Created by: Nicolaas Weideman, USC-ISI (nweidema at isi.edu), Dr. Christophe Hauser, USC-ISI (hauser at isi.edu), and Dr. Jelena Mirkovic, USC-ISI (mirkovic at isi.edu)

Contents

Overview
Required Reading
1. Introduction
Assignment Instructions
Submission Instructions

Overview

The purpose of this exercise is to help you understand a hash-collision denial-of-service (DoS) attack and its mitigation. In this exercise, you will exploit and mitigate a hash-collision DoS vulnerability.

Required Reading

Introduction

A hash-collision DoS attack exploits the worst-case execution time of a hash table data structure. A hash table uses a hash function to map entries to an index in a table. On average, the time it takes to store and retrieve data from such a data structure is independent of the number of entries. However, this is only true when entries are spread evenly across the table. When many entries map to the same index (called a hash collision), the performance can degrade significantly and lead to DoS. We recommend reading and understanding how hash tables work (especially the algorithmic complexity of their operations), as well as hash-collision DoS attacks, before proceeding.

Assignment Instructions

Setup

If you don't have an account, follow the instructions here.
Create an instance of this exercise by following the instructions here, using hashcollision as Lab name. Your topology will look like below:
.
After setting up the lab, access your target node.

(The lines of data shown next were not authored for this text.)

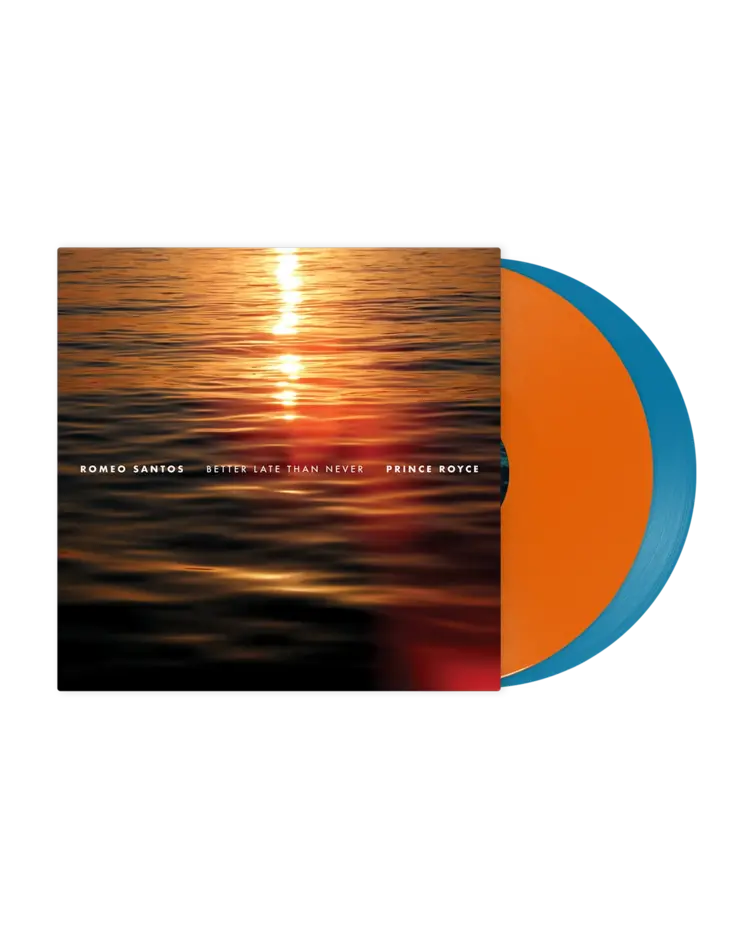 Santos, Romeo & Royce, Prince - Better Late Than Never 2LP (tangerine & aqua vinyl)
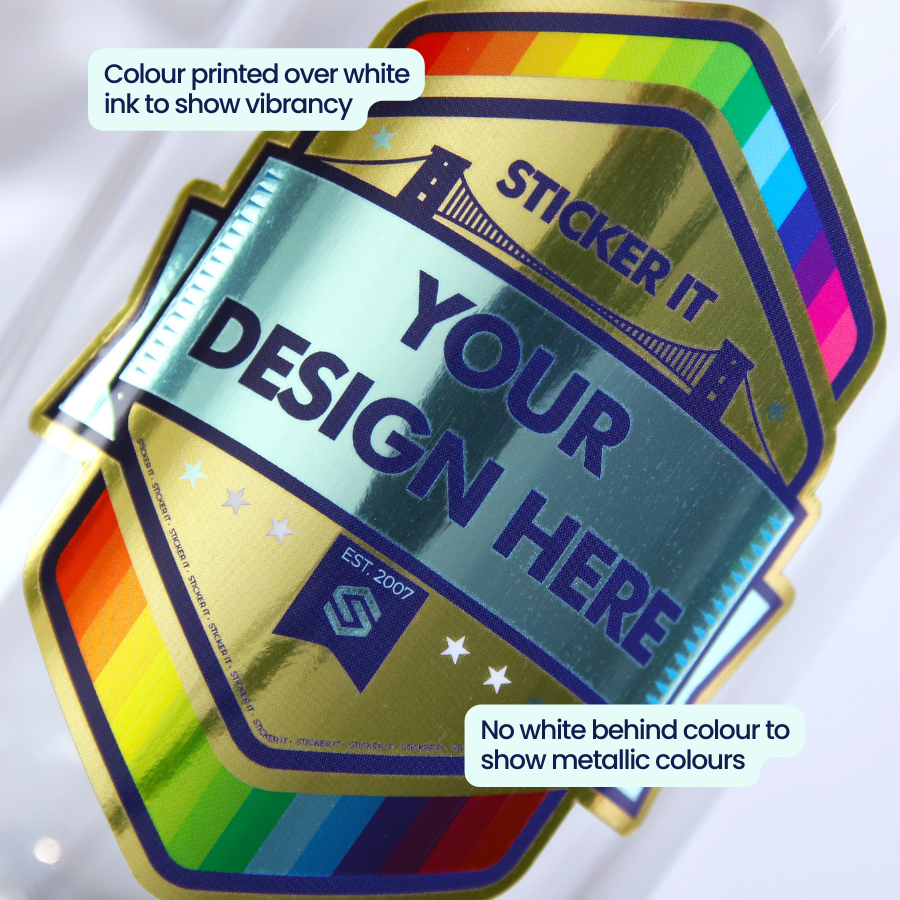 Eco-friendly gold material example close up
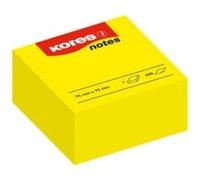 Kores – Notes autocollantes Bloc-notes auto-adhésif 75 x 75 mm Jaunes 400 feuilles (1 bloc)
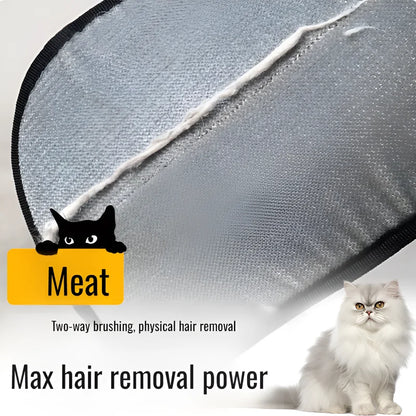 Effektive statische Haarentfernungshandschuhe für Haustiere – Doppelbürste für müheloses Entfernen von Katzenhaaren, statisch frei, ideales Reinigungswerkzeug für ein fellfreies Zuhause – Größe M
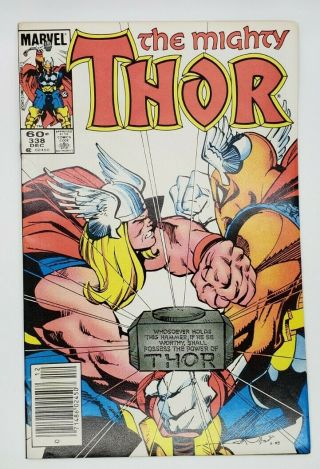 Rare The Mighty Thor 338 Signed By Walt Simonson Beta Ray Bill Marvel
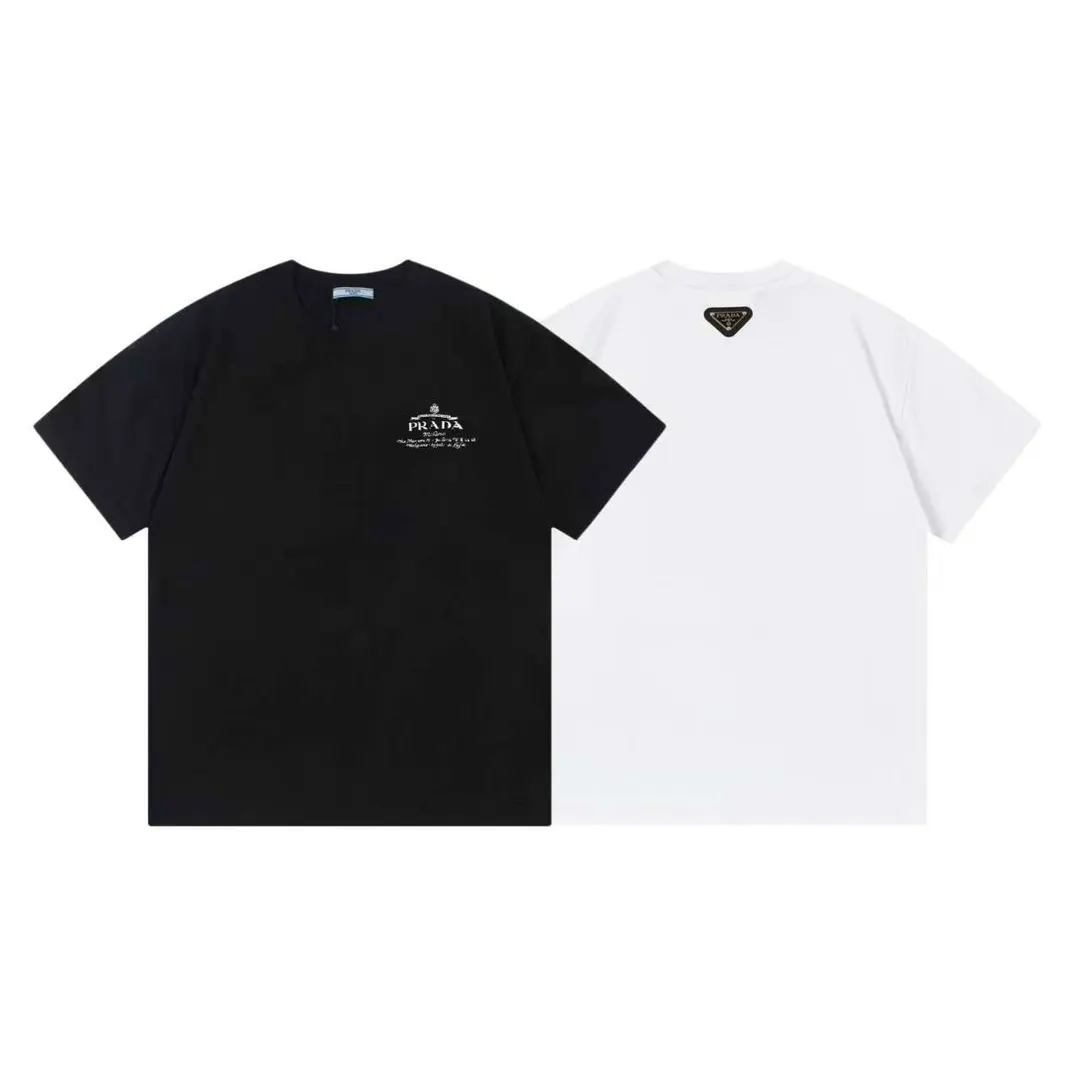 Prada 棉质 三角标 字母 短袖T恤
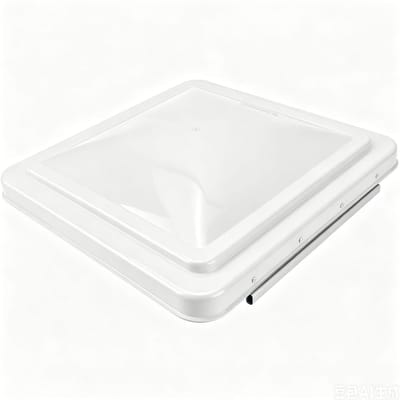 Vervanging Afdekking Dakluik Camper voor Ventline Vóór 2008 14x14 inch Camper Badkamer Dakluik Afdekking Wit wit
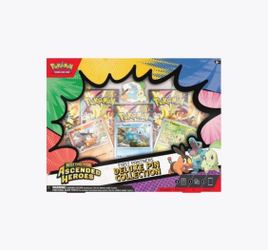 Pokemon TCG: Ascended Heroes First Partners Deluxe Pin Collection *FACTORY SEALED*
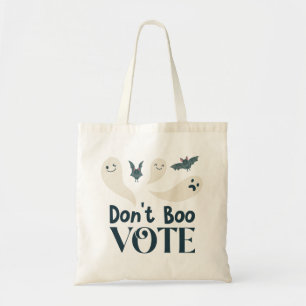 Ga niet stemmen op geesten en vleermuizen tote bag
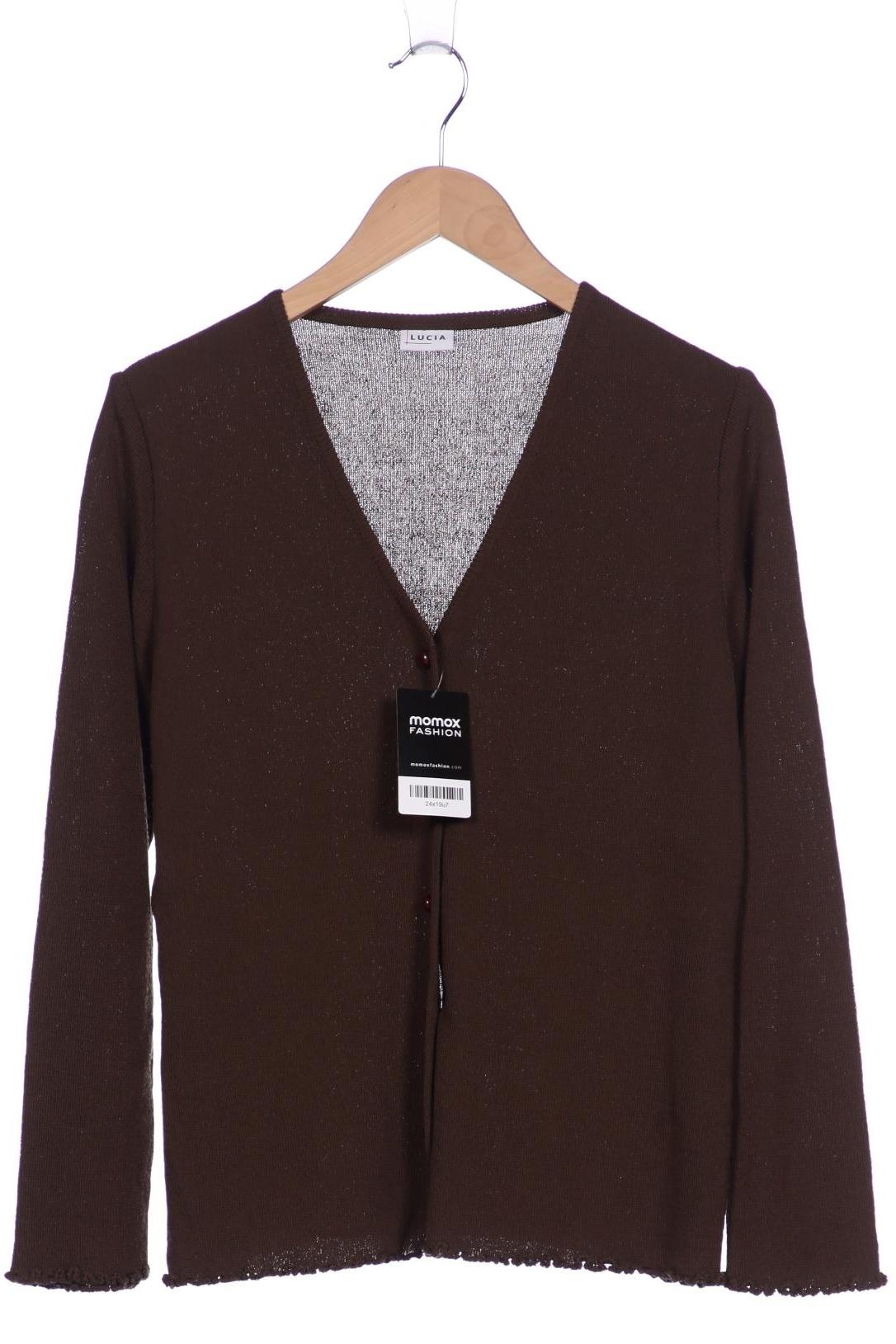 

Lucia Damen Strickjacke, braun, Gr. 44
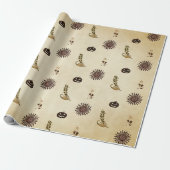 Vintage-Witchcore-Halloween-Geschenkpapier Geschenkpapier (Ungerollt)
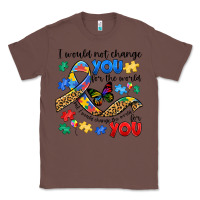 Chestnut i would not change you autism Classic Tee - JahusDesignShop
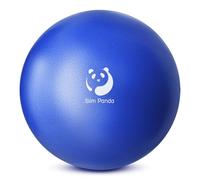 Slim Panda Pelota de pilates, pelota de ejercicio pequeña de 9 pulgadas, mini pelota de yoga antiexplosión para estabilidad, entrenamiento, barra, fuerza central, terapia física, equilibrio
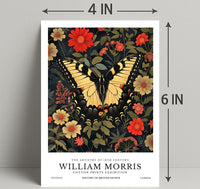 William Morris Artistic Butterfly Vintage Cultural or Heritage Poster
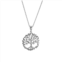 Athra NJ Inc Sterling Silver Textured Tree Of Life Pendant Necklace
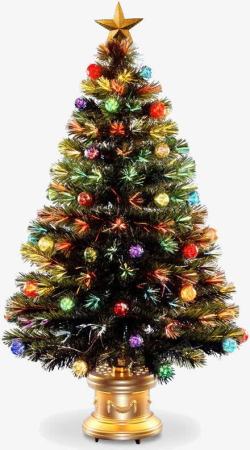 装饰圣诞树彩色装饰星星素材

On target node, switch to /tmp/target/exercise folder. Compile the program:

bash compile.sh

The program main is a simple program that takes a number of strings, one per line, and stores these in a hash table. It can be run with

./main N

where N is the length of the input strings (including the newline character).

Exploitation

The program main is vulnerable to a hash-collision DoS attack. We include the Python script exploit.py, which can be used to exploit this vulnerability. It will pass a linearly increasing number of either random or malicious strings to main, to store in the hash table. Run the program with --help to learn which parameters it takes. The malicious strings will trigger many hash collisions, causing execution time to increase polynomially. The random strings, on the other hand, will not trigger hash collisions (or significantly less) and therefore the execution time will also only increase linearly. The script measures the time it takes the program to process the strings and stores these time values to a file, in JSON format. You can plot the execution time of processing malicious strings against that of random strings with the plot_times.py script. In order to prove a program is vulnerable to a hash-collision DoS attack, you need to show that the worst-case execution time is an order of magnitude worse than the best-case (polynomial vs linear). Play around with the exploit.py script, generating both malicious and random input until you find parameters that clearly show the difference in execution time growth. Plot these execution times.

Mitigation

The vulnerability stems from the fact that all the malicious strings map to the same table index when hashed by the hash function. This hash function can be found in function named "hash" in the hash.c file. To mitigate this vulnerability, you need to change this function so that an attacker cannot reliably generate colliding strings. This can be achieved by using a random hash function. Such hash functions randomize their output using a secret key. If the attacker does not know the key, it is impossible to know which strings will collide. One such function, created specifically to protect against hash-collision DoS attacks, is the SipHash function. As it is not recommended to reimplement secure hash functions on your own, you can use one of these implementations of SipHash: one and two. You can use the getrandom system call as a secure source of randomness for the secret key of SipHash. After making the change, remember to recompile with

bash compile.sh

Then, repeat the experiment done in the Exploitation section, with the same parameters and redraw the graphs. Now, there should be no significant difference between execution time growth between the malicious and random strings.

Submission Instructions

You should submit one tar-zipped file, containing the following:

Your patched hash.c file.
The graph showing the successful attack on the vulnerable program.
The graph showing the failed attack on the patched program.